Regulating Activation Energy of Metal–Organic Framework Subnanochannels for High-Precision Anion Separation

Transition state theory effectively describes solute transport in membranes, where molecular-level mechanisms dictate the energy barriers involved. Based on this theory and insights from natural systems, our study centers on UiO-66-NH₂, a metal–organic framework (MOF) with specific binding sites for fluoride ions, resembling the structural features of biological fluoride ion channels. Using a secondary solvothermal growth method, we fabricate a dense and continuous polycrystalline UiO-66-NH₂ membrane on an anodic aluminum oxide substrate. This membrane features subangstrom pores (3.12 and 6.28 Å), which precisely sieve fluoride ions by facilitating selective dehydration and binding.

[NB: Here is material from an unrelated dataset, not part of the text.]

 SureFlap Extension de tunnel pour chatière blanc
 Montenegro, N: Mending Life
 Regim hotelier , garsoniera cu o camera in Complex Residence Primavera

Additionally, the high porosity and surface area of the membrane enhance ion flux while maintaining excellent selectivity. The strong Zr–F interactions within the channel play a pivotal role in reducing the activation energy required for F⁻ transport, resulting in efficient separation compared to other anions, with the F⁻/SO₄²⁻ selectivity reaching 169. This work sheds light on the fundamental ion transport mechanisms in subnanochannels and highlights the potential of MOF membranes for advanced ion separation applications.